On Monday, the Volcker Alliance—a nonpartisan, nonprofit organization launched in 2013—issued a report warning that “failure to reorganize the regulatory structure will contribute to the buildup of systemic risk and make us more vulnerable to the next financial crisis.”
Among the proposals it offers is merging the Securities and Exchange Commission and Commodity Futures Trading Commission to create a new, independent investor protection and capital market conduct regulator. A similar move was initially planned for, but dropped, from the Dodd-Frank Act.

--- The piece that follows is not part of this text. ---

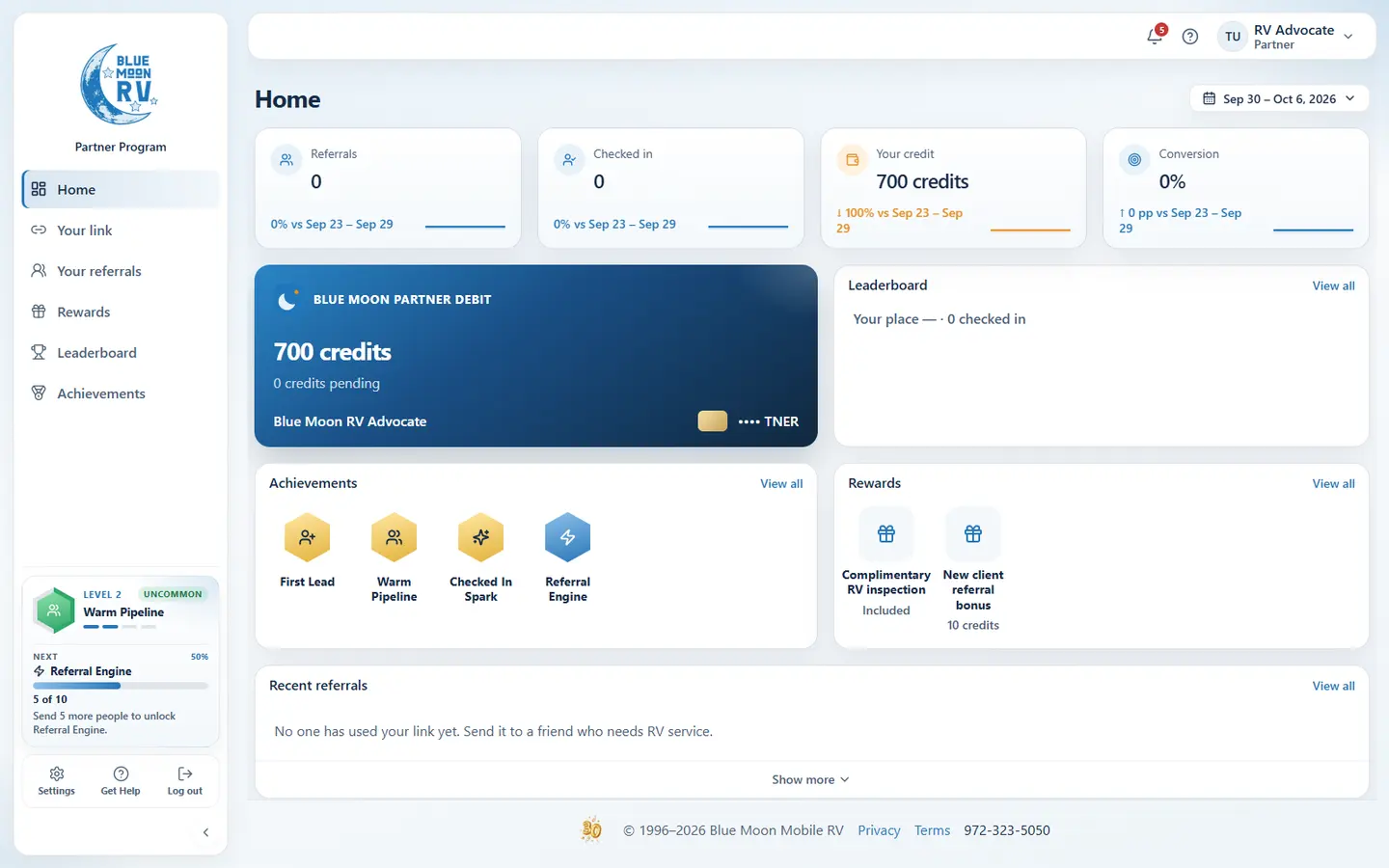 Blue Moon partner home with credit balance, achievements, and referral activity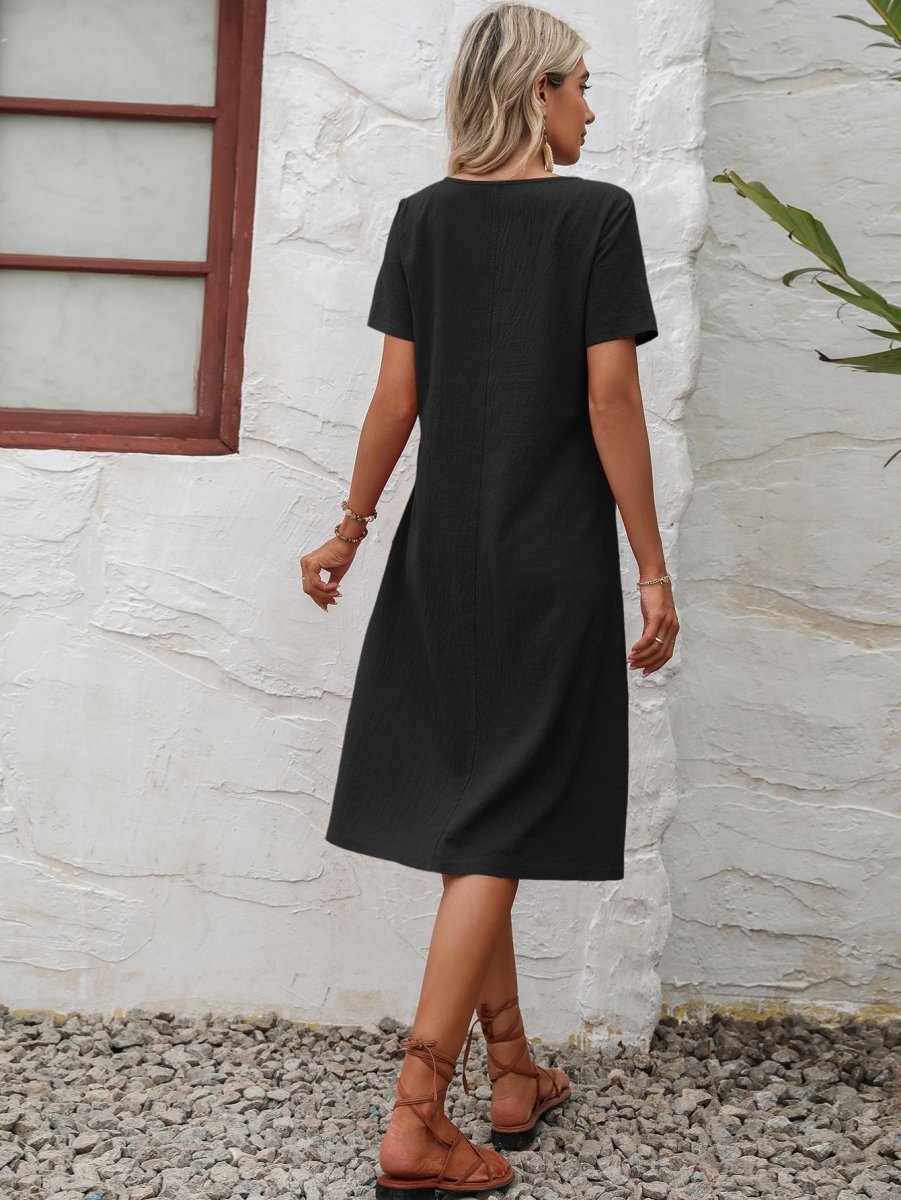 Polished Pocket Knee Length Dress - Brick + Boho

The new entity would be governed by a board of five members, each appointed by the president and confirmed by the Senate to staggered seven-year terms without regard to political party affiliation. It would be funded through fees and assessments, not including fines and penalties.
The new regulator would combine the current rulemaking authority of the SEC and the CFTC, but prudential supervision of broker-dealers, swap dealers, derivatives clearing organizations, futures commodity merchants, and money market funds would be shifted to a new Prudential Supervisory Authority (more on that in a moment).
The Financial Stability Oversight Council would continue its current role, but be required to establish a Systemic Issues Committee to vote on designations of systemically important financial institutions and evaluate risky activities and practices. It would be composed of the chairman of the Federal Reserve, chairman of the Federal Deposit Insurance Corporation, director of the Federal Housing Finance Agency, director of the Consumer Financial Protection Bureau, the chair of a new Investor Protection-Capital Market Conduct Regulator (created by combining the SEC and CFTC), the director of the Office of Financial Research, and a state insurance commissioner.
The SIC would have the ability to designate SIFIs and require new or enhanced prudential standards and safeguards on all activities and practices that could pose a threat to systemic stability even if conducted outside the present sphere of prudential supervision.
The OFR would be moved out of the Treasury Department and become an independent entity, with its director appointed by the president and subject to Senate confirmation.
A new Prudential Supervisory Authority would be an independent agency with a strong link to the Federal Reserve, the report proposes. Its purview would encompass the prudential supervisory functions currently performed by the Federal Reserve, the Office of the Comptroller of the Currency, and FDIC for bank and thrift holding companies, state and federally chartered depository institutions, branches of foreign banking organizations, financial market utilities, and SIFIs. It would also take over prudential supervisory functions currently performed by the SEC and CFTC. The PSA would have a special division for the supervision of community banks and be funded through either industry assessments or the Federal Reserve System
The Federal Reserve Board would have rulemaking authority for establishing prudential standards, including setting capital, liquidity, and margin requirements. The PSA would be authorized to propose related regulations or guidelines to the Federal Reserve for approval.
To enhance interagency coordination, an independent member of the PSA would serve on the board of the FDIC, replacing the Comptroller of the Currency, an agency that would be eliminated as part of the restructuring.